*Task item:* Repeat each line of the data below exactly, but skip the pictures.

*Data segment:*
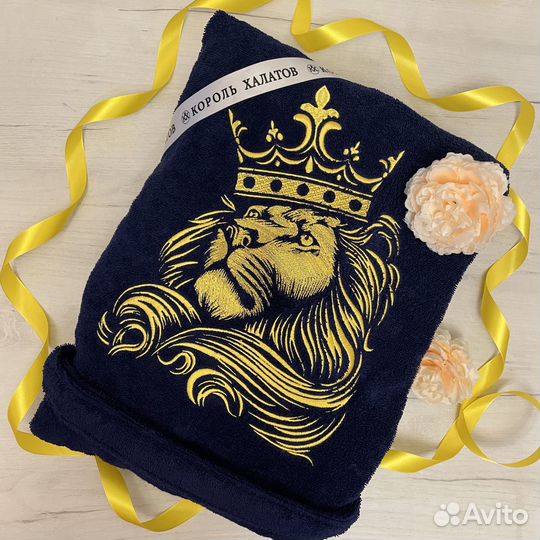 Мужской махровый халат Лев с вышивкой на заказ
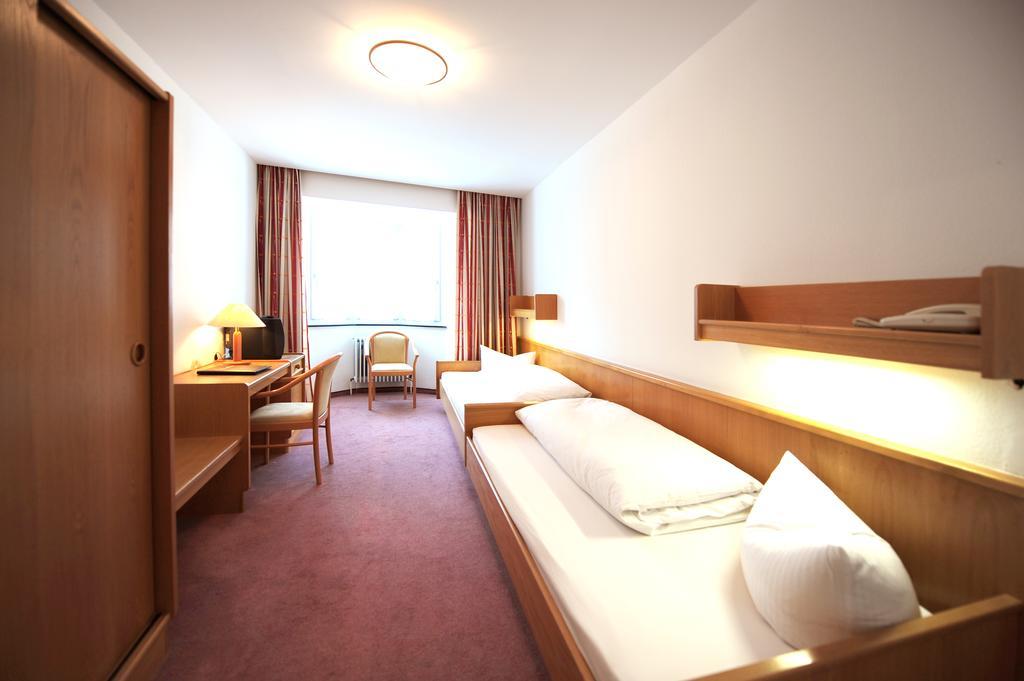 Hotel Krone มาเทร อัม เบรนเนอร์ ภายนอก รูปภาพ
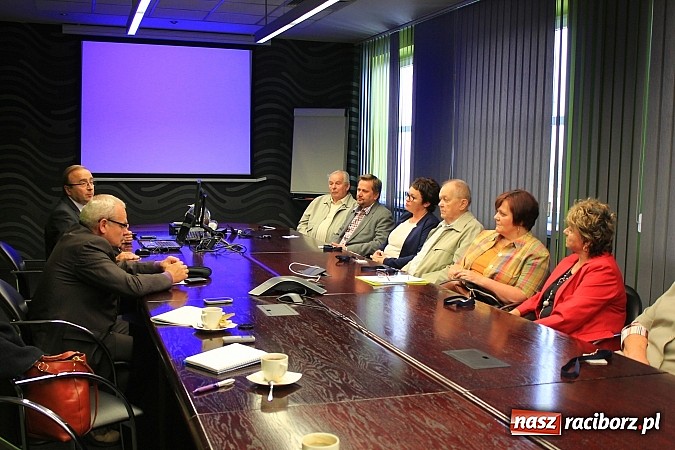 Zdjęcie w galerii na portalu naszraciborz.pl: Samochody w kropki, uciążliwy hałas, brudne okna i elewacja, czyli spotkanie z SGL Carbon wiadomości z regionu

*Written solution:*
 Мужской махровый халат Лев с вышивкой на заказ
 Hotel Krone มาเทร อัม เบรนเนอร์ ภายนอก รูปภาพ
 Zdjęcie w galerii na portalu naszraciborz.pl: Samochody w kropki, uciążliwy hałas, brudne okna i elewacja, czyli spotkanie z SGL Carbon wiadomości z regionu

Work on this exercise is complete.